Project 11

Stock Portfolio Tracker

An individual investor wants to track and analyze their stock portfolio performance across multiple holdings and time periods. You will build a complete analytics pipeline using SQL for data extraction, Python for advanced financial calculations, and Excel for dashboard visualization.

Project Overview

Business Scenario

Sarah is a retail investor who has built a diversified stock portfolio over the past three years. She holds positions across technology, healthcare, finance, and energy sectors. She needs a systematic way to track her portfolio's total value over time, understand her sector allocation, and measure performance against the S&P 500 benchmark. Currently she uses scattered spreadsheets and brokerage statements, making it difficult to get a unified view.

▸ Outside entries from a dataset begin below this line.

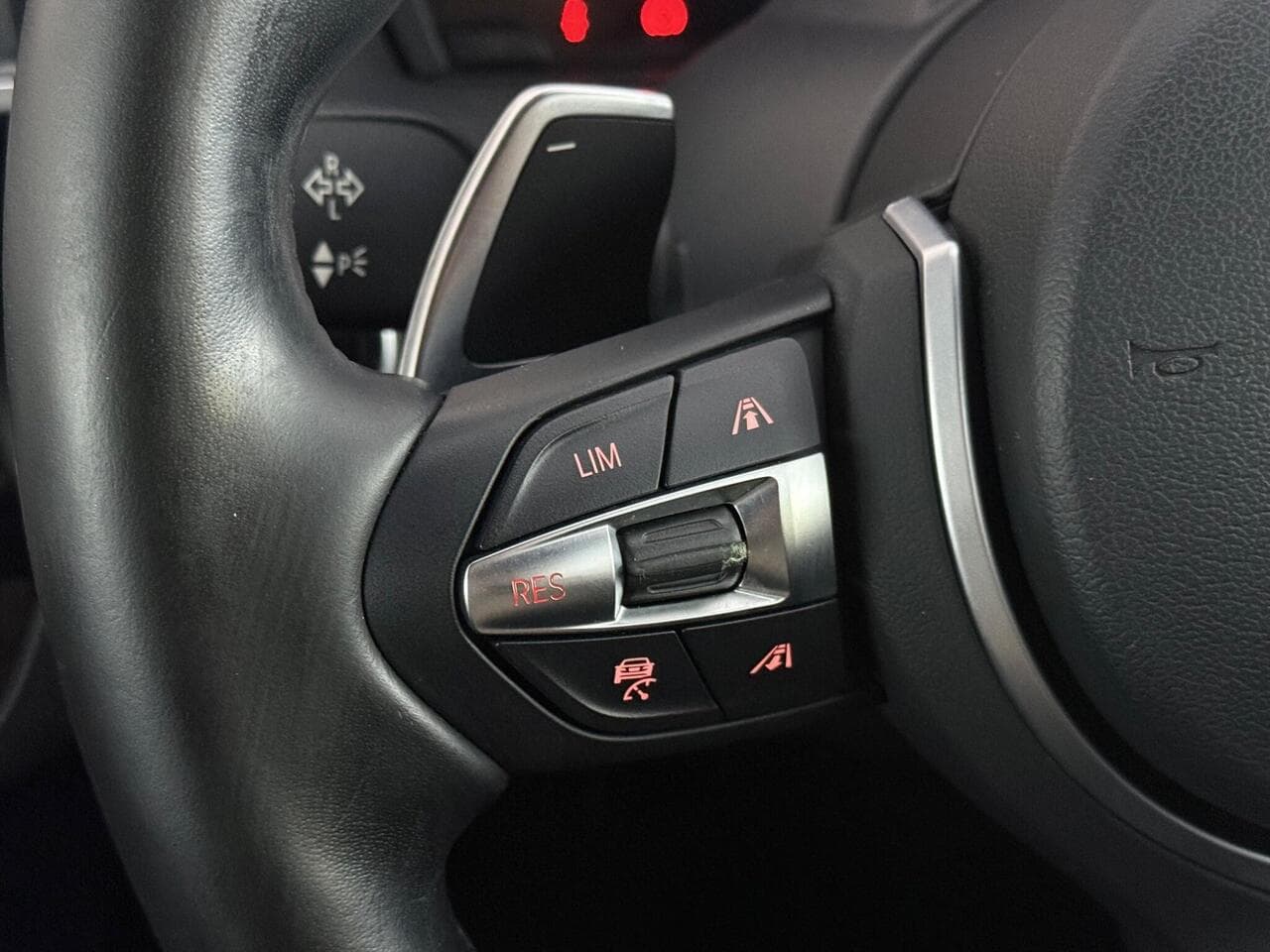 BMW 2 Series thumbnail Misc Controls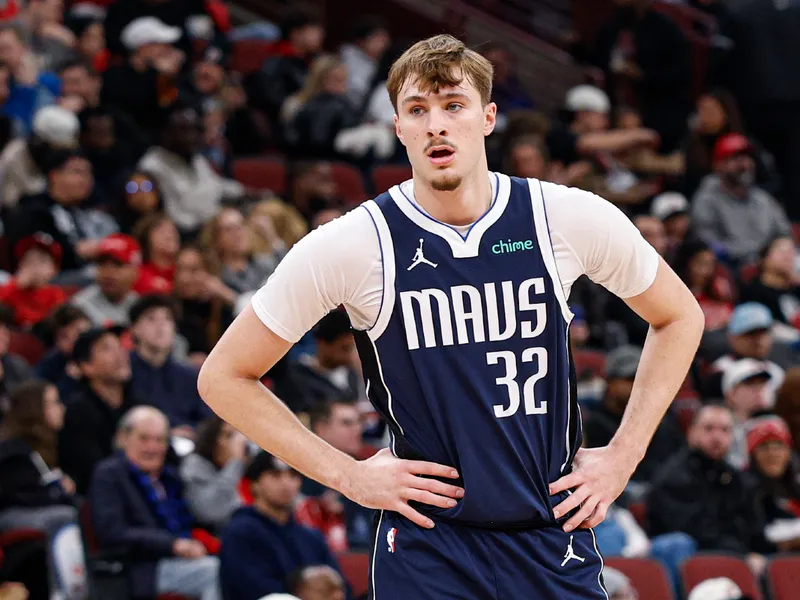 ¡Cooper Flagg (45 puntos) gana su duelo de infarto con LeBron James!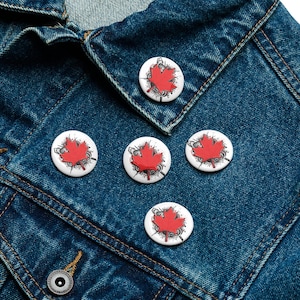 Maple Leaf Pin Buttons Set of 5 Canada Badge Pack Fall Aesthetic Tinplate Pins Canadian Pride Gift Small Accessories
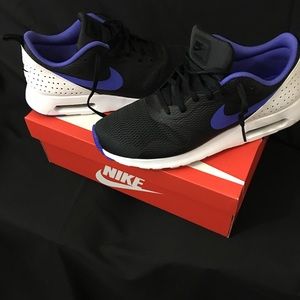 Nike Air Max Tavas with Original Box (9.5)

  • Goal: Build a portfolio analytics system that tracks value, measures risk-adjusted returns, and optimizes allocation
  • Tools: SQL (data extraction), Python (financial analysis), Excel (dashboard)
  • Stakeholder: Individual investor wanting to make data-driven investment decisions
  • Deliverables: Portfolio value timeline, sector breakdown, Sharpe ratio report, optimization recommendations

Dataset

Database Schema

The portfolio database consists of four related tables capturing stock prices, holdings, transactions, and benchmark data.

stock_prices

ColumnTypeDescription
price_idINT (PK)Unique price record identifier
tickerVARCHAR(10)Stock ticker symbol (e.g., AAPL, MSFT)
trade_dateDATETrading date
open_priceDECIMAL(10,2)Opening price
close_priceDECIMAL(10,2)Closing price
volumeBIGINTDaily trading volume

portfolio_holdings

ColumnTypeDescription
holding_idINT (PK)Unique holding identifier
tickerVARCHAR(10)Stock ticker symbol
sharesDECIMAL(10,4)Number of shares held
avg_cost_basisDECIMAL(10,2)Average purchase price per share
sectorVARCHAR(50)Industry sector (Technology, Healthcare, etc.)

transactions

ColumnTypeDescription
txn_idINT (PK)Transaction identifier
tickerVARCHAR(10)Stock ticker symbol
txn_typeVARCHAR(4)BUY or SELL
txn_dateDATETransaction date
sharesDECIMAL(10,4)Number of shares traded
price_per_shareDECIMAL(10,2)Execution price per share

benchmarks

ColumnTypeDescription
bench_idINT (PK)Benchmark record identifier
bench_nameVARCHAR(20)Benchmark name (e.g., SP500)
trade_dateDATEDate
close_valueDECIMAL(12,2)Benchmark closing value

SQL Analysis

Query 1: Portfolio Value Over Time

Calculate the total portfolio market value for each trading day by joining holdings with daily closing prices.

SELECT
    sp.trade_date,
    SUM(ph.shares * sp.close_price) AS portfolio_value
FROM portfolio_holdings ph
JOIN stock_prices sp
    ON ph.ticker = sp.ticker
WHERE sp.trade_date >= '2023-01-01'
GROUP BY sp.trade_date
ORDER BY sp.trade_date;

Query 2: Sector Allocation

Break down the portfolio by sector to see how capital is distributed. This uses the most recent closing price for each stock.

WITH latest_prices AS (
    SELECT ticker,
           close_price,
           ROW_NUMBER() OVER (PARTITION BY ticker ORDER BY trade_date DESC) AS rn
    FROM stock_prices
)
SELECT
    ph.sector,
    COUNT(DISTINCT ph.ticker) AS num_stocks,
    SUM(ph.shares * lp.close_price) AS sector_value,
    ROUND(SUM(ph.shares * lp.close_price) * 100.0
        / SUM(SUM(ph.shares * lp.close_price)) OVER (), 2) AS pct_of_portfolio
FROM portfolio_holdings ph
JOIN latest_prices lp
    ON ph.ticker = lp.ticker AND lp.rn = 1
GROUP BY ph.sector
ORDER BY sector_value DESC;

Query 3: Realized vs Unrealized Gains

Separate closed-position profits (realized) from open-position paper gains (unrealized).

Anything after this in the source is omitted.